UN General Assembly suspends Russia from Human Rights Council

UN General Assembly suspends Russia from Human Rights Council
UN General Assembly suspends Russia from Human Rights Council

The UN General Assembly voted Thursday to suspend Russia from the global body's Human Rights Council as punishment for the invasion of Ukraine.

The high-profile rebuke of Moscow marked only the second ever suspension of a country from the council. Libya was the first, in 2011.

Of the 193 members of the assembly, 93 voted in favour of suspension as proposed by the United States, while 24 voted against. Fifty-eight abstained and the remainder did not participate, suggesting a weakening international unity against Russia at the United Nations.

Suspension required support from two-thirds of the member countries casting for or against; the abstentions and absences did not count.

Russia swiftly rejected the suspension, with its foreign ministry blasting the move as "illegal and politically motivated, aimed at ostentatiously punishing a sovereign UN member state that pursues an independent domestic and foreign policy."

But US President Joe Biden's top diplomat said Moscow got what it deserved.

"Today, a wrong was righted," Secretary of State Antony Blinken said in Brussels, where he met foreign ministers from NATO and said Russia was carrying out "atrocities" in Ukraine.

"A country that is perpetrating gross and systematic violations of human rights should not sit on a body whose job it is to protect those rights," he said.
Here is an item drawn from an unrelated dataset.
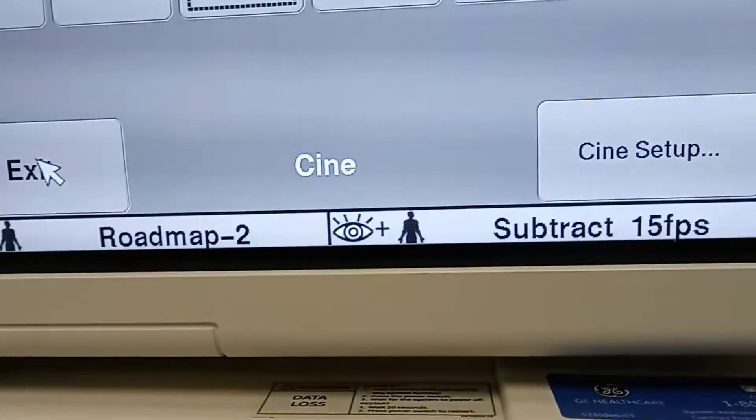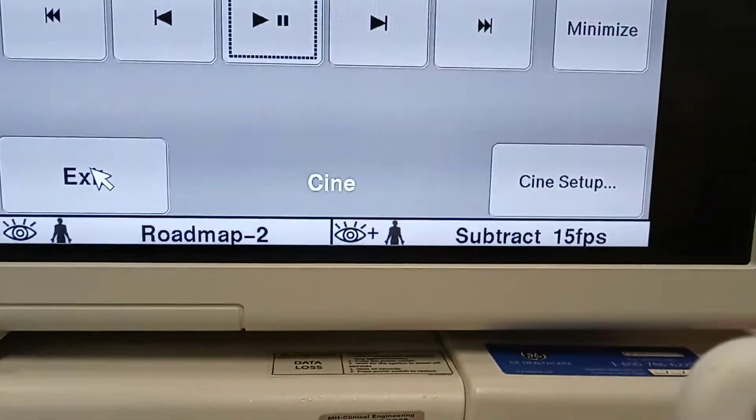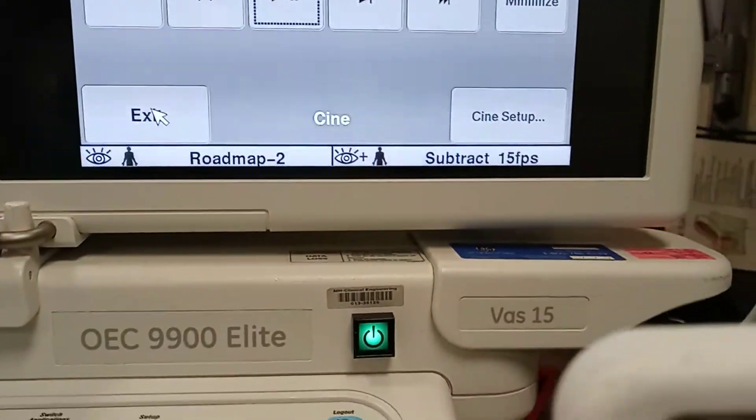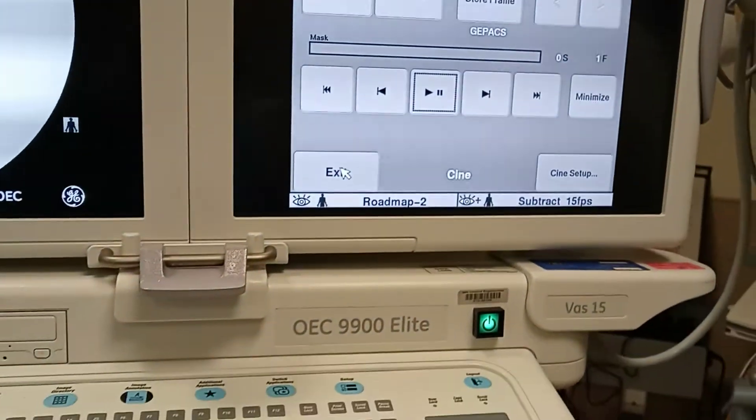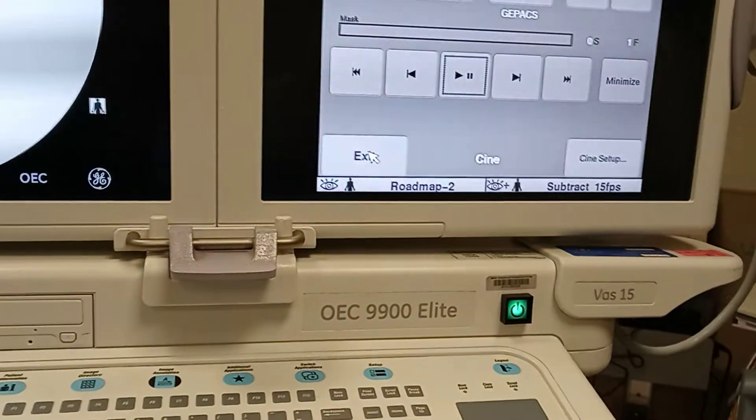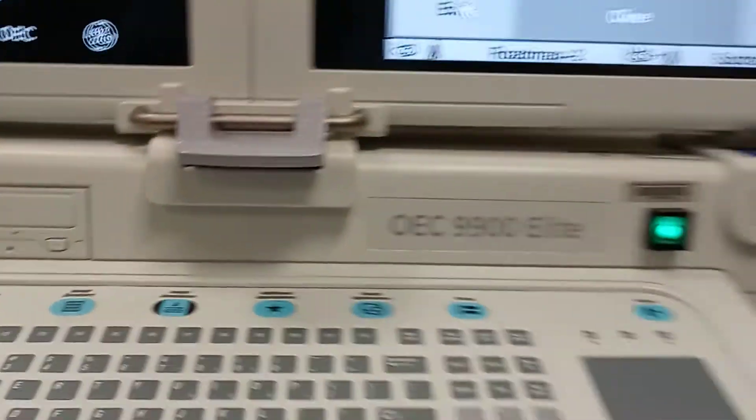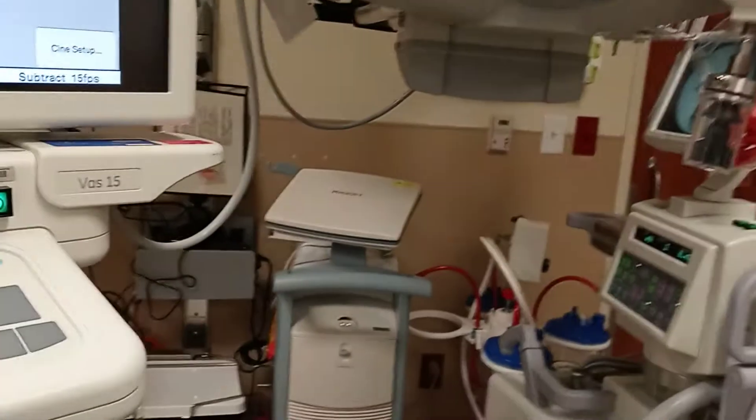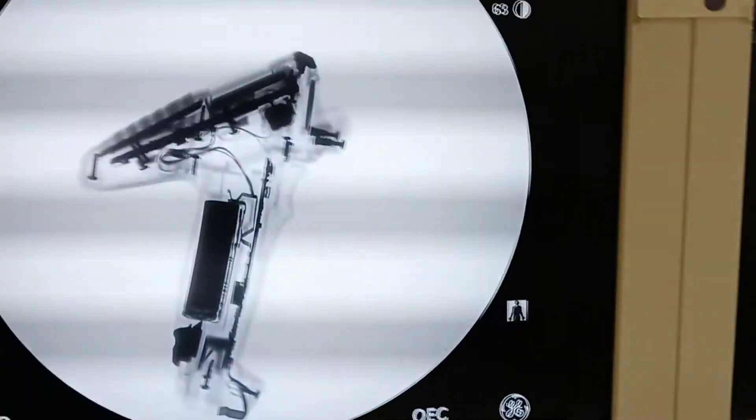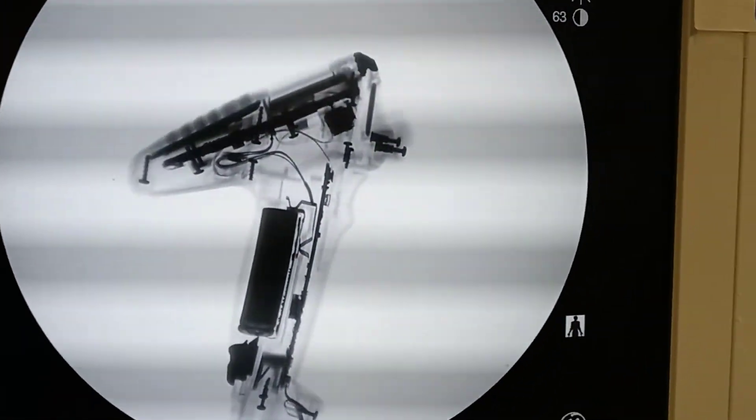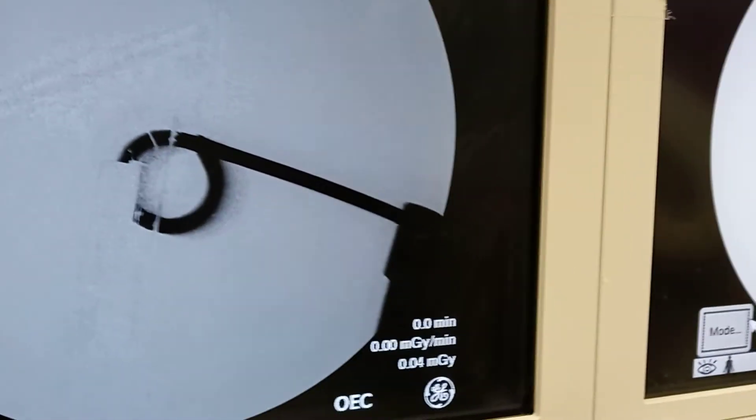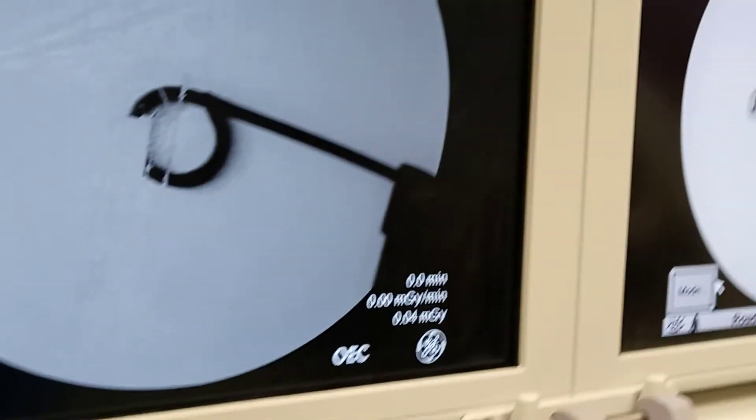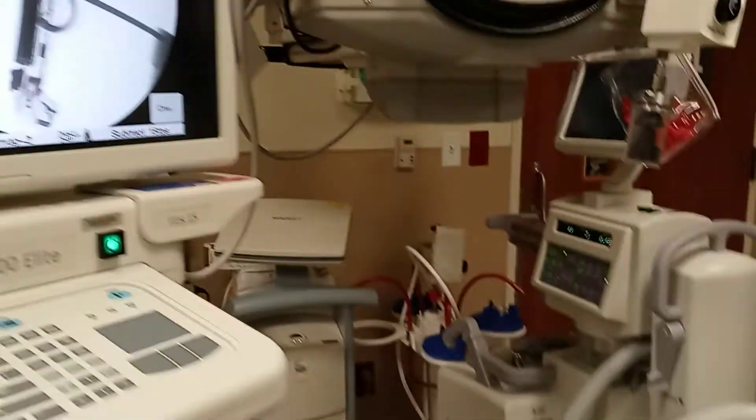Now at the bottom, your eyeball will be Roadmap 2. Then you still have your subtraction. So what I'm going to do is I'm going to hit Roadmap while I wave something over it. And you can see, there you go. You can see how it subtracted out. So it worked real well.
Countries voting against included China, a Moscow ally which has steadfastly abstained from criticising the invasion. Others were Iran, the former Soviet republic of Kazakhstan and communist Cuba, as well as Russia itself, Belarus and Syria.

Despite pressure from Moscow for a no vote, several African countries only abstained, such as South Africa and Senegal. Also abstaining were Brazil, Mexico and India.

The UN Human Rights Council was founded in 2006 and is composed of 47 member states chosen by the General Assembly.

Washington argues that the punishment -- suspending Russia from the Geneva-based organisation that is the United Nations' main human rights monitor -- is more than symbolic and in fact intensifies Russia's isolation after the assault on Ukraine that began February 24.

Ukrainian President Volodymyr Zelensky has also called for Russia to be expelled from the UN Security Council "so it cannot block decisions about its own aggression, its own war."